I would like the records restated word for word, without the pictures.

### The input:
......

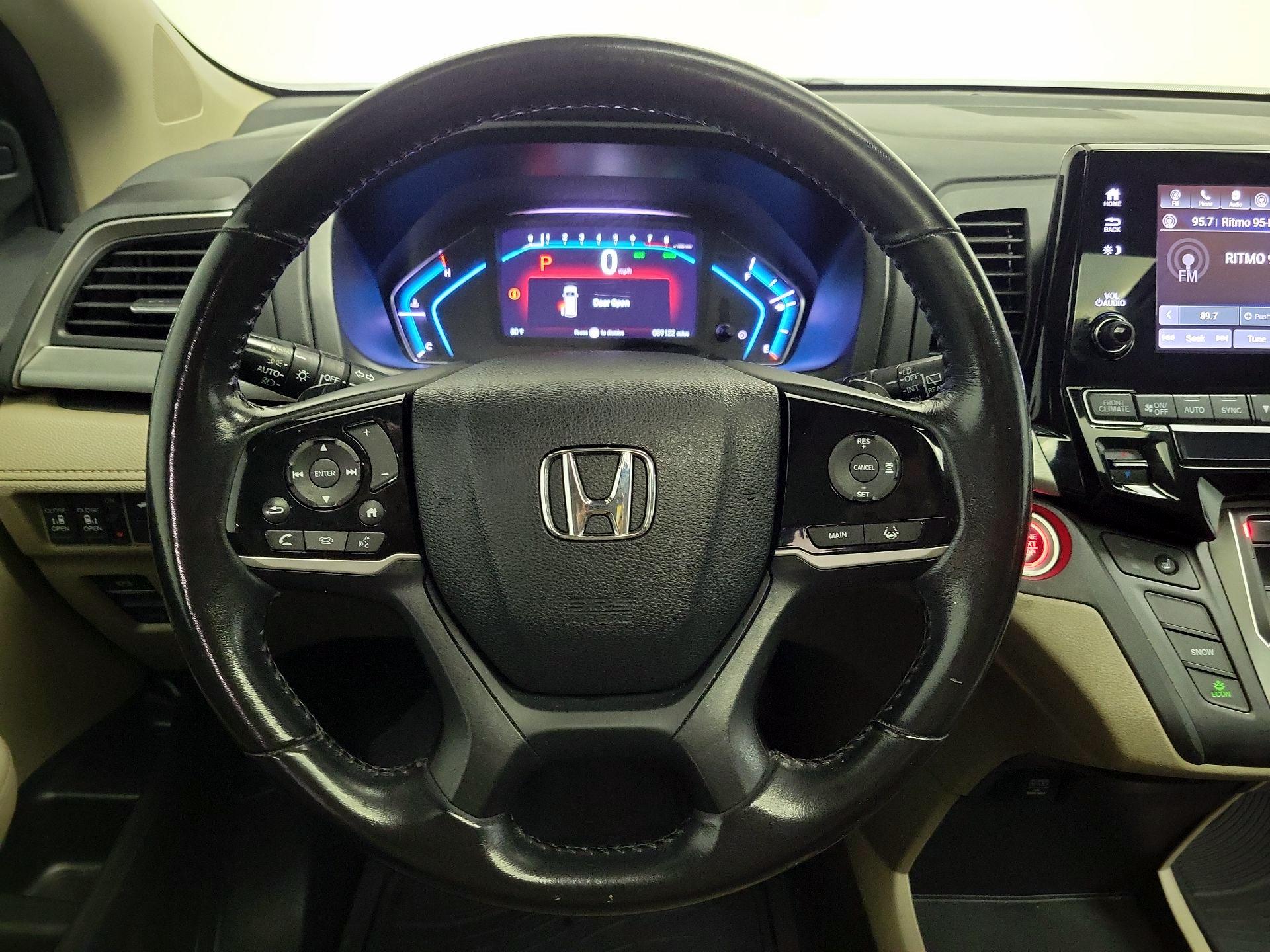 Thumbnail: 2019 Honda Odyssey - 10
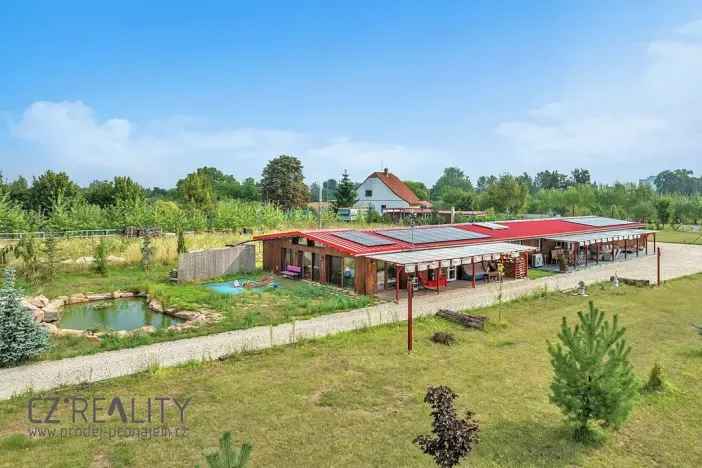 Prodej komerčního pozemku, Pečky, 35798 m2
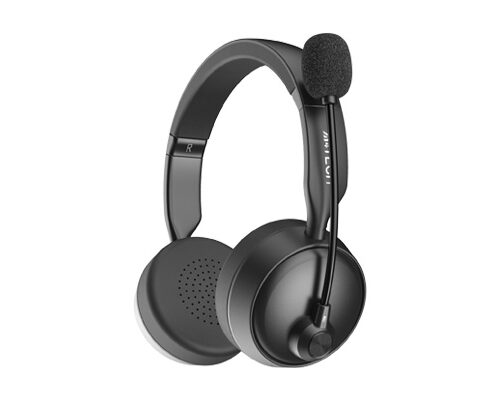 A4tech Fstyler Bluetooth v5.3 Wireless Headset (BH230+BN-10) BH235 (Black)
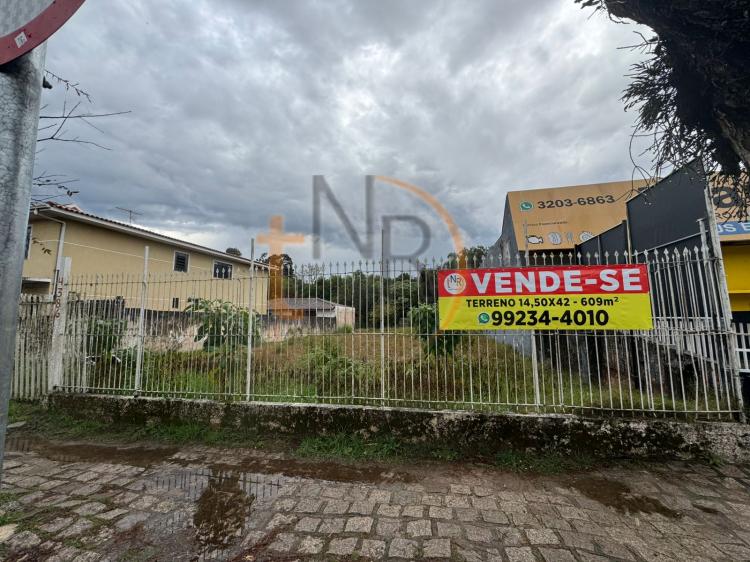 Terreno na Mateus Leme, em frente Posto Ipiranga, 150m do Festval!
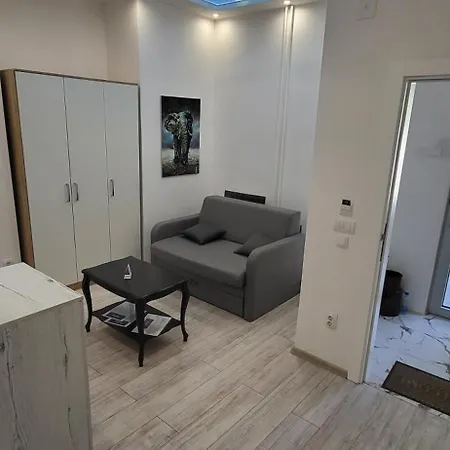 Bumerang Apartmans, New Belgrade, Arena * Belgrado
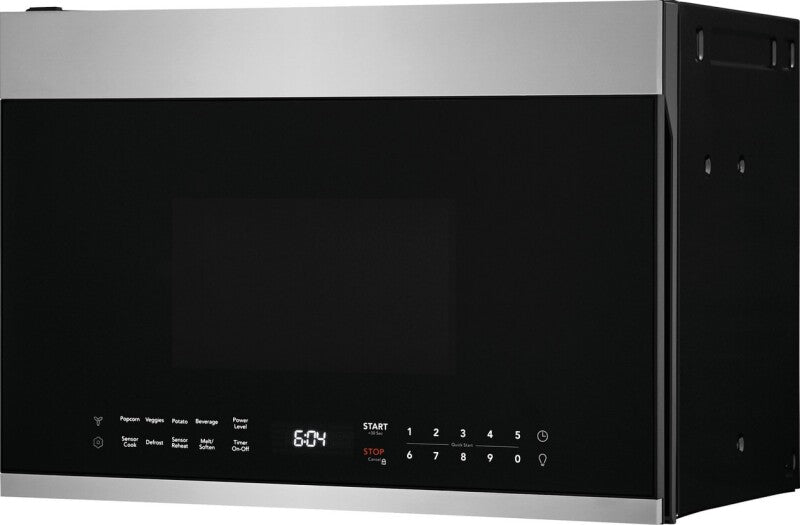 Frigidaire 1.4 Cu. Ft. Over-The-Range Microwave - Stainless Steel (UMV1422US)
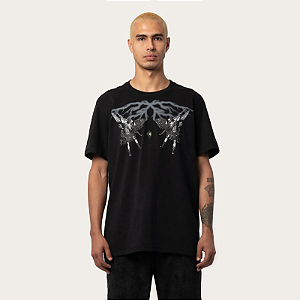 Tshirt MCD Especial Obscuridade - Preto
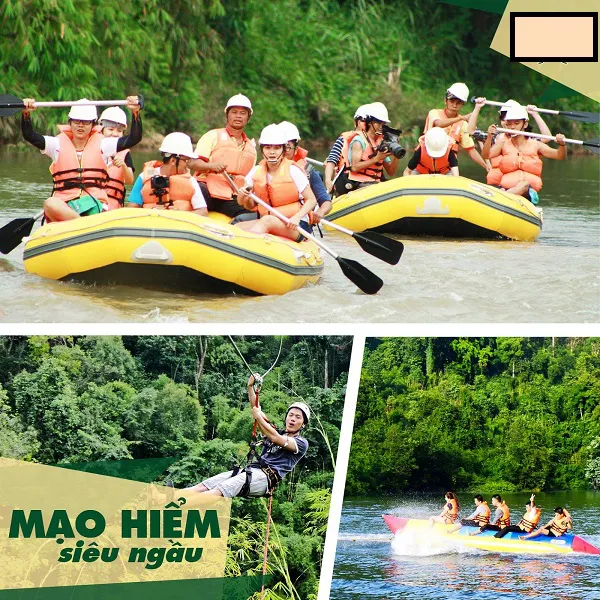 Tour Du Lịch Madagui 3 Ngày 2 Đêm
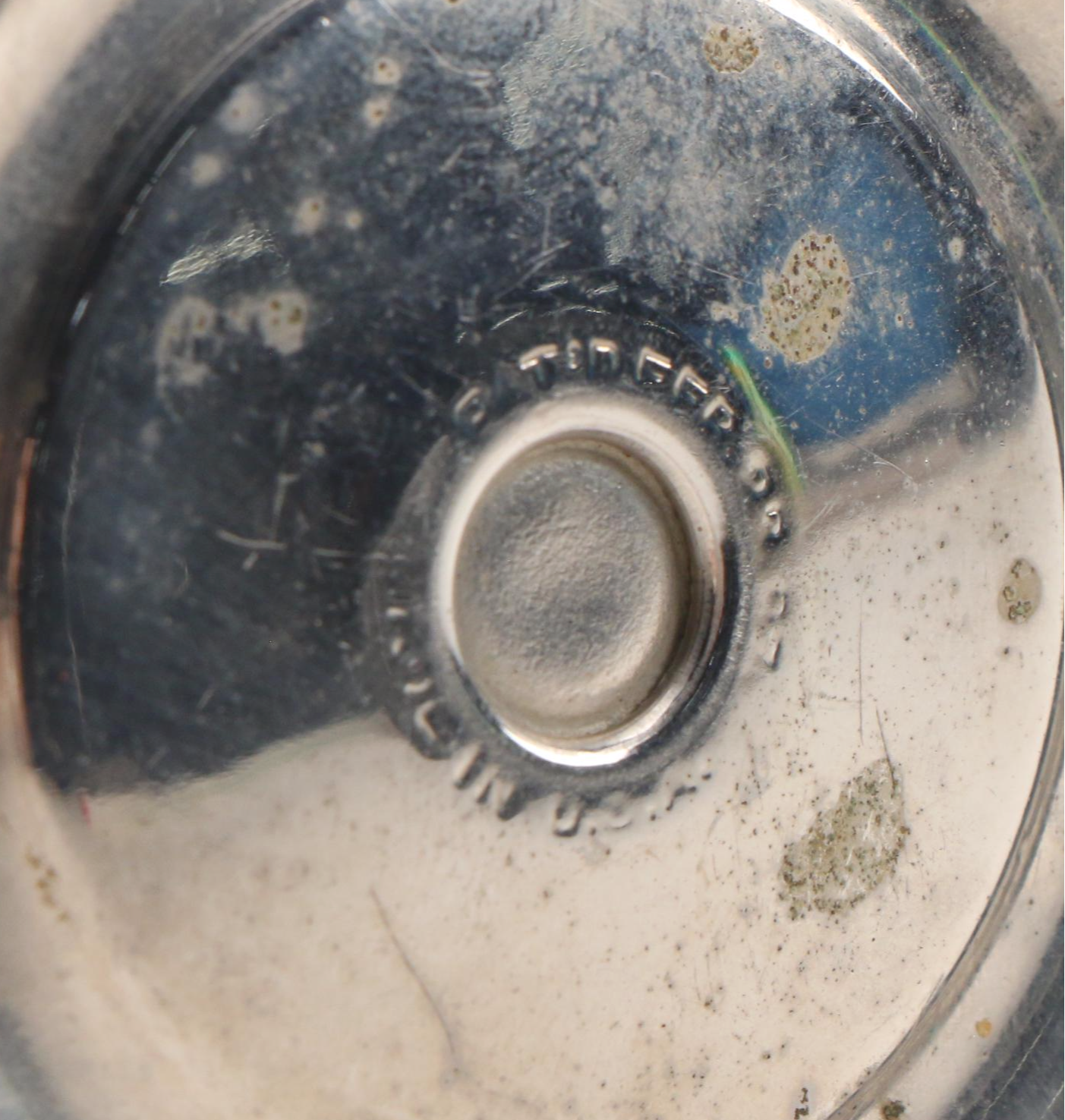 Simpson, Hall, Miller & Co. and Other Silver Plate and Metal Collapsible Cups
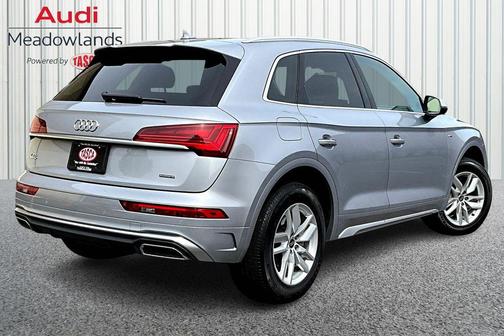 2023 Audi Q5 45 S line Premium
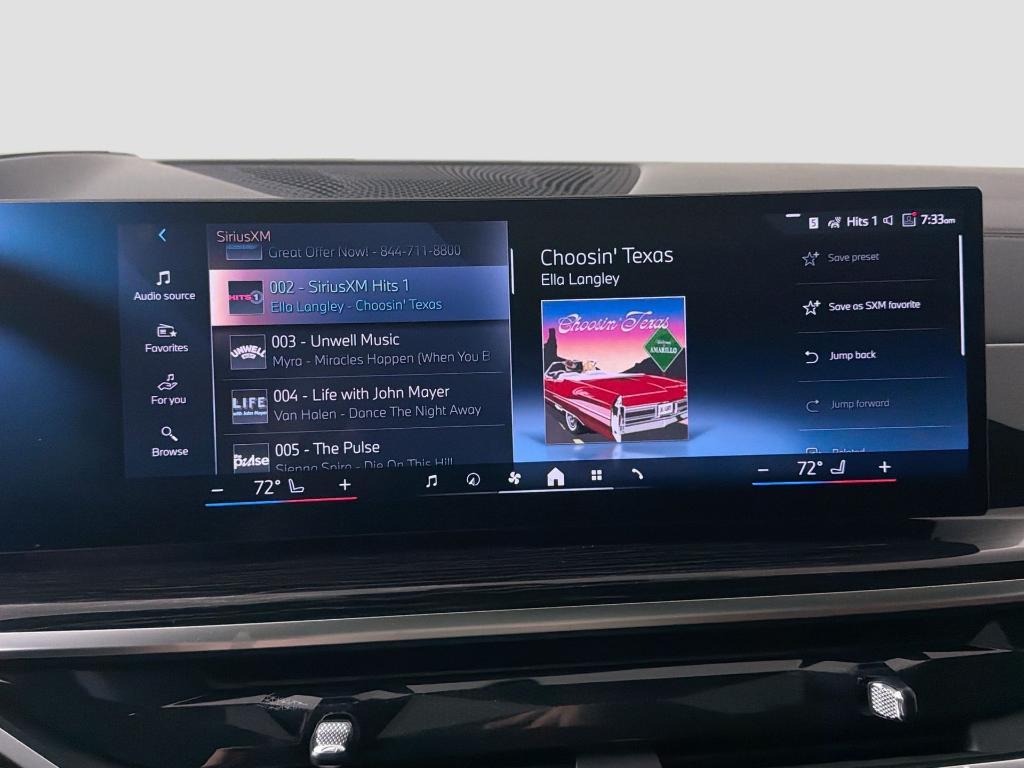 new 2026 BMW X6 car, priced at $86,845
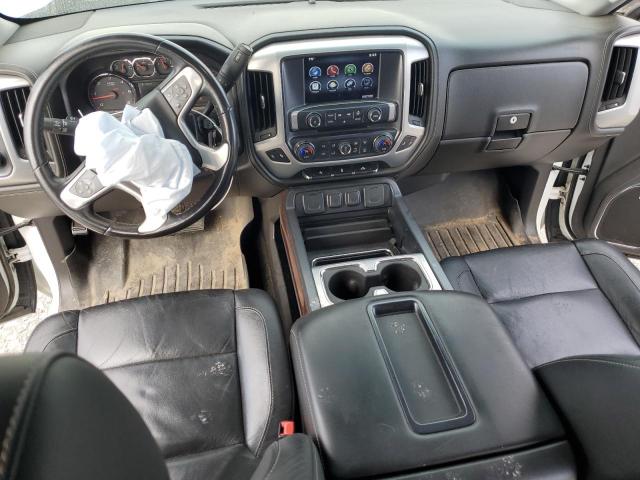 2015 Gmc SIERRA VIN 3GTU2VEC2FG363917 COPART salvage auction — FRONT END, Mi - Certificate Of Title, sold $3,050 on 2026-07-02 (photo 8)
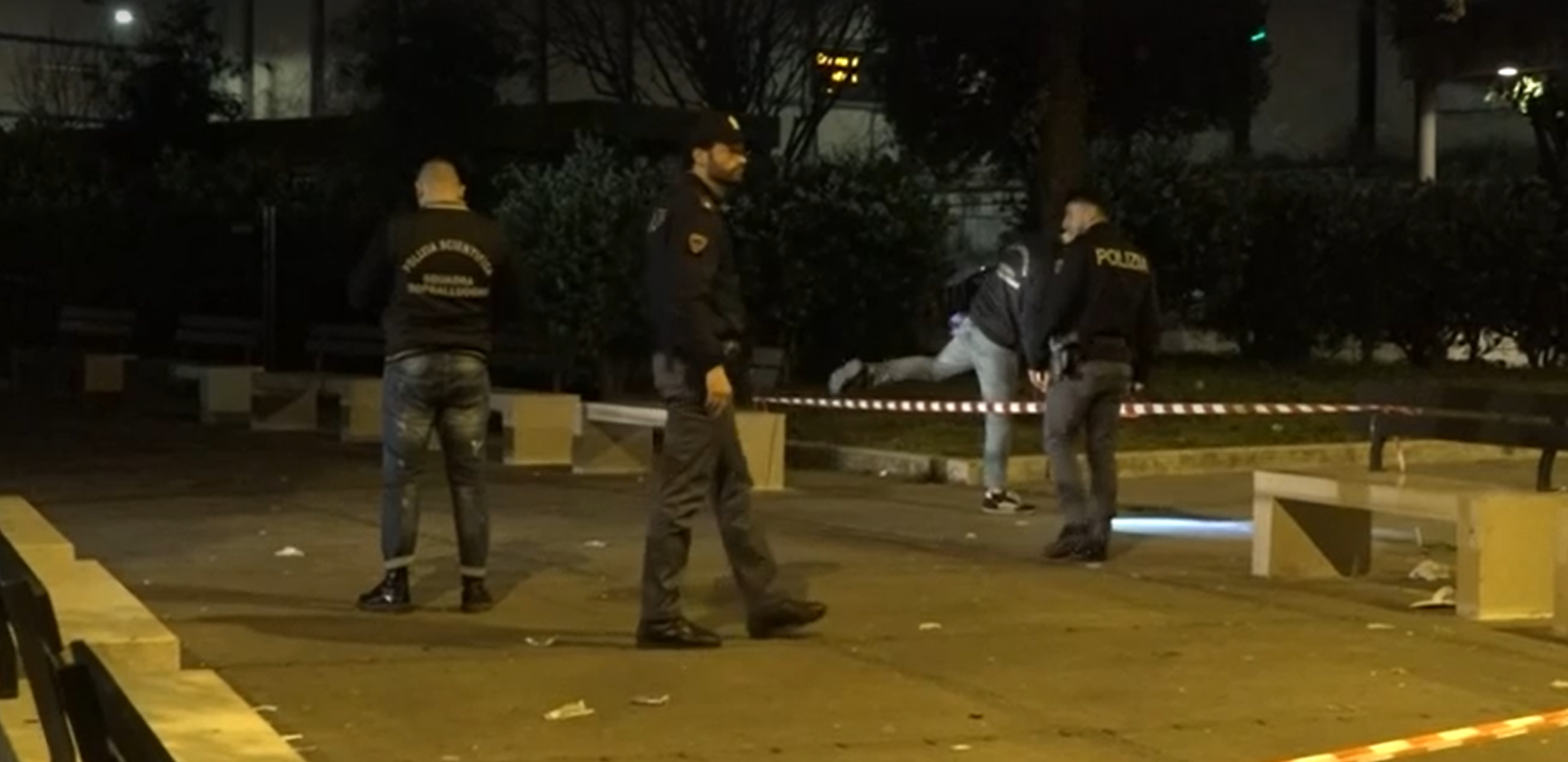 Napoli, sparatoria in parco giochi a Fuorigrotta: si teme guerra tra gruppi rivali
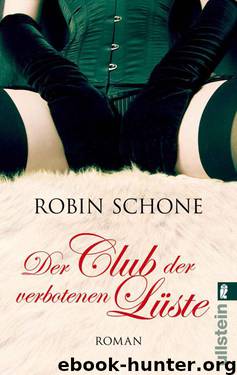 [erotik] Schone, Robin by Der Club der verbotenen Lueste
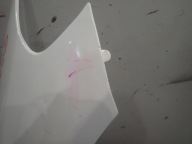 fender front right MERCEDES C-KLASA W205 2014
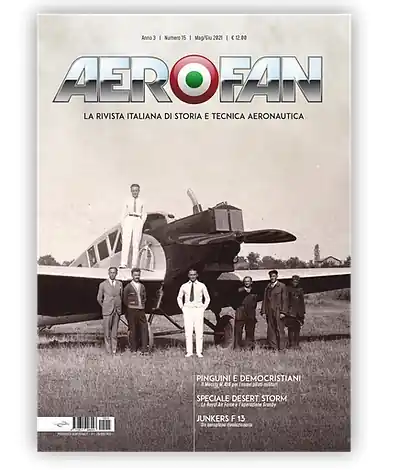 Economico AEROFAN 15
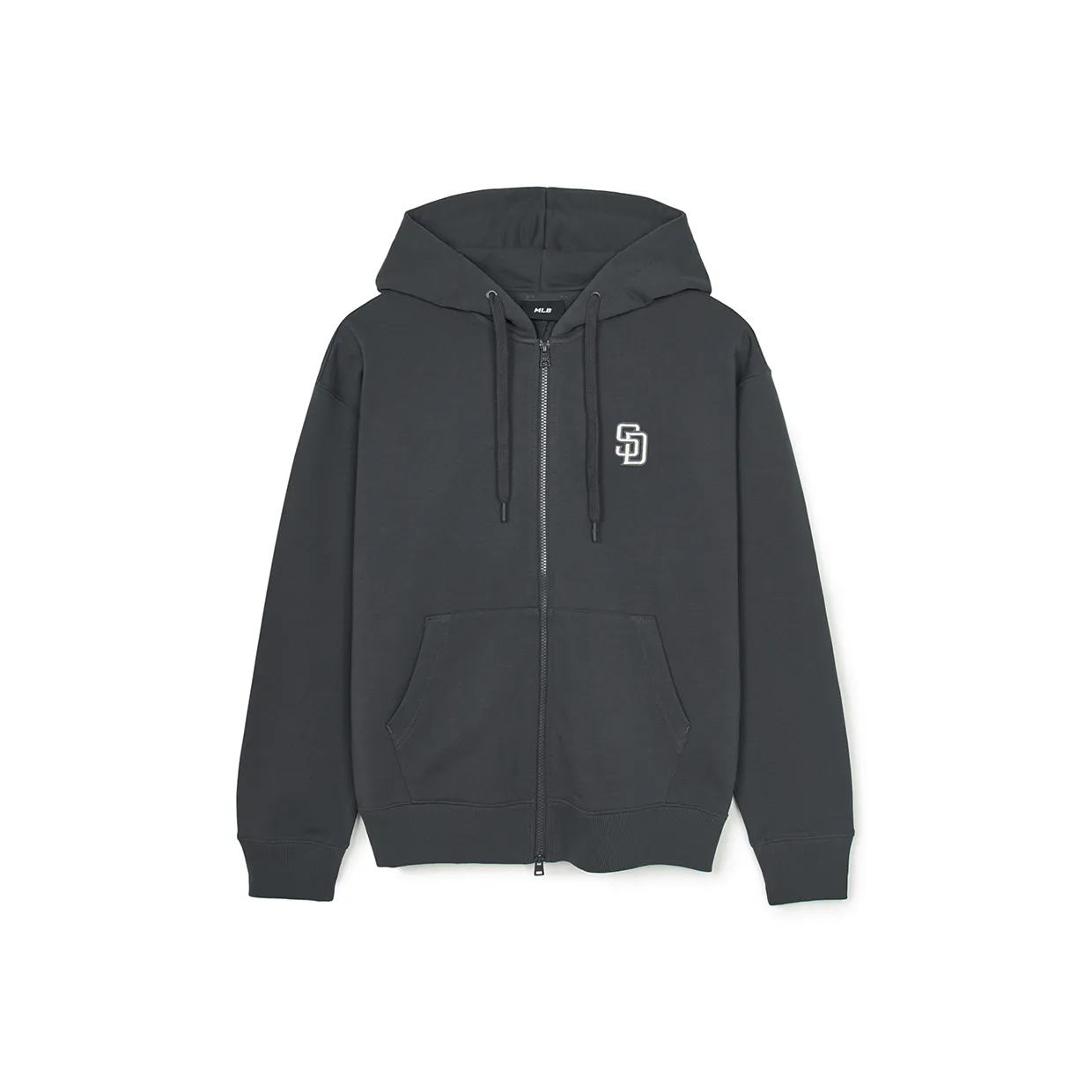 MLB San Antonio Spurs Sweatshirt Unisex Black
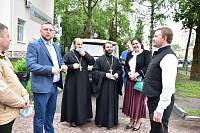 Благотворительная акция в Шатурской ЦРБ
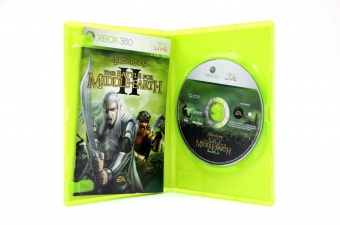 The Lord of the Rings The Battle for Middle-earth II для Xbox 360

......

### Answer for this exercise:
 Thumbnail: 2019 Honda Odyssey - 10
 Prodej komerčního pozemku, Pečky, 35798 m2
 A4tech Fstyler Bluetooth v5.3 Wireless Headset (BH230+BN-10) BH235 (Black)
 Terreno na Mateus Leme, em frente Posto Ipiranga, 150m do Festval!
 Bumerang Apartmans, New Belgrade, Arena * Belgrado
 Frigidaire 1.4 Cu. Ft. Over-The-Range Microwave - Stainless Steel (UMV1422US)
 Tshirt MCD Especial Obscuridade - Preto
 Tour Du Lịch Madagui 3 Ngày 2 Đêm
 Simpson, Hall, Miller & Co. and Other Silver Plate and Metal Collapsible Cups
 2023 Audi Q5 45 S line Premium
 new 2026 BMW X6 car, priced at $86,845
 2015 Gmc SIERRA VIN 3GTU2VEC2FG363917 COPART salvage auction — FRONT END, Mi - Certificate Of Title, sold $3,050 on 2026-07-02 (photo 8)
 Napoli, sparatoria in parco giochi a Fuorigrotta: si teme guerra tra gruppi rivali
 [erotik] Schone, Robin by Der Club der verbotenen Lueste
 fender front right MERCEDES C-KLASA W205 2014
 Economico AEROFAN 15
 MLB San Antonio Spurs Sweatshirt Unisex Black
 Благотворительная акция в Шатурской ЦРБ
 The Lord of the Rings The Battle for Middle-earth II для Xbox 360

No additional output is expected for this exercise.